This analysis is based on publicly available astronauts data from Wikidata. In this context, we investigated aspects such as time humans spent in space as well as the age distribution of the astronauts.
The repository is organized as follows:
- data: Contains the astronauts data set retrieved from Wikidata
- code: Contains the astronaut analysis script
- results: Contains the resulting analysis plots
The data set has been generated using the following SPARQL query [1] (retrieval date: 2018-10-25).
You can also analyze a recent version of the astronaut data by replacing the data set and re-running the analysis script:
- Run the SPARQL query
- Download the resulting data formatted as JSON
- Replace the file
data/astronauts.json
- Run the analysis script
The script requires Python >= 3.8 and uses the libraries pandas (BSD 3-Clause License) as well as matplotlib (Matplotlib License).

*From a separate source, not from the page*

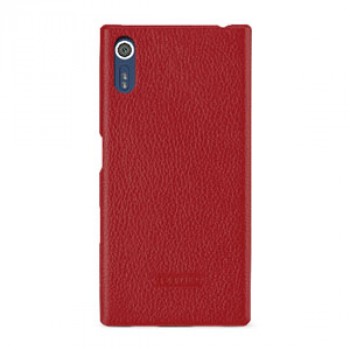 Кожаный чехол накладка (премиум нат. кожа) для Sony Xperia X  Красный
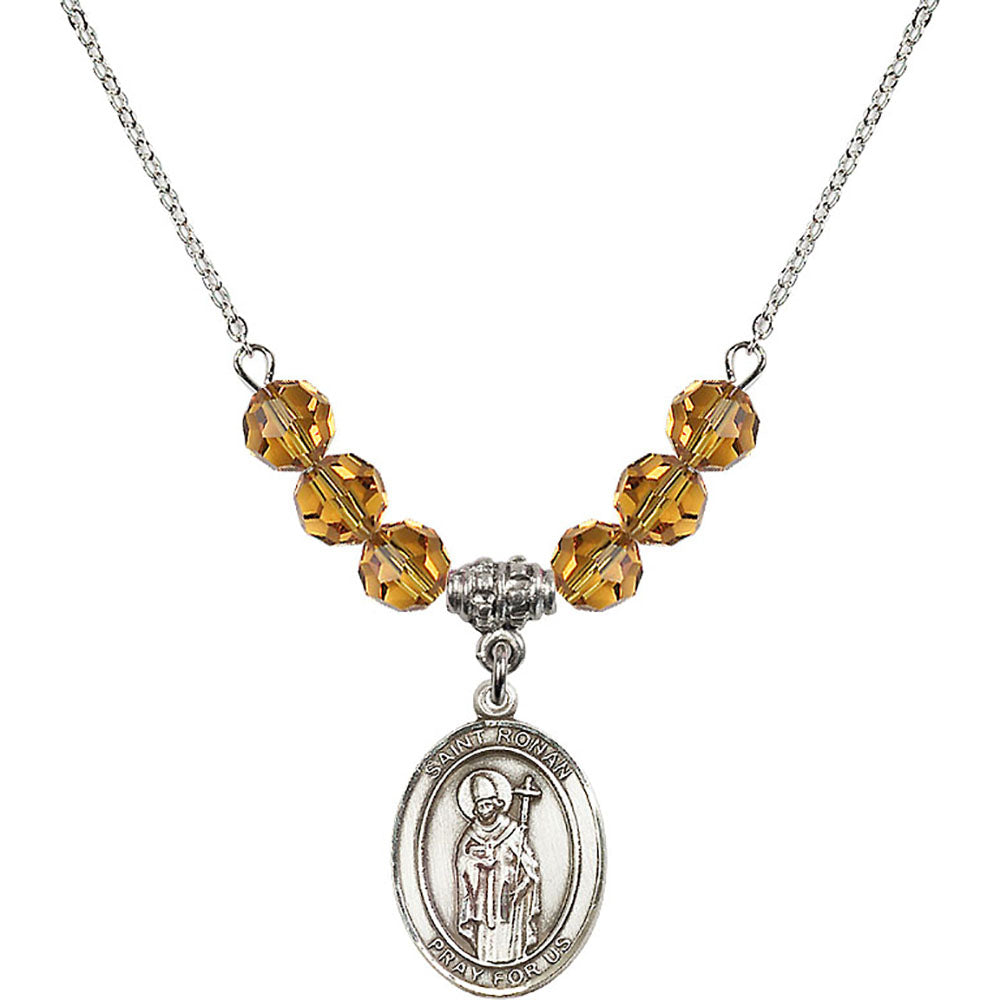 Sterling Silver Saint Ronan Birthstone Necklace with Topaz Beads - 8315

The script has been successfully tested on Windows 10 and Linux with Python 3.8.
Please clone this repository and install the required dependencies as follows:
git clone ...
cd astronaut-analysis/code
pip install -r requirements.txt
You can run the script as follows:
python astronauts-analysis.py
The script processes the astronauts data set and stores the plots in the same directory. Existing result plots will be overwritten.
The test.sh script performs some basic checks to support maintaining the analysis script:
- It installs the required packages.
- It runs the flake8 linter to find programming mistakes and code style issues.
- It runs the analysis script and checks that the expected plots are produced.
The script runs as part of the GitLab build pipeline to find errors introduced by new commits.
Please see the file LICENSE.md for further information about how the content is licensed.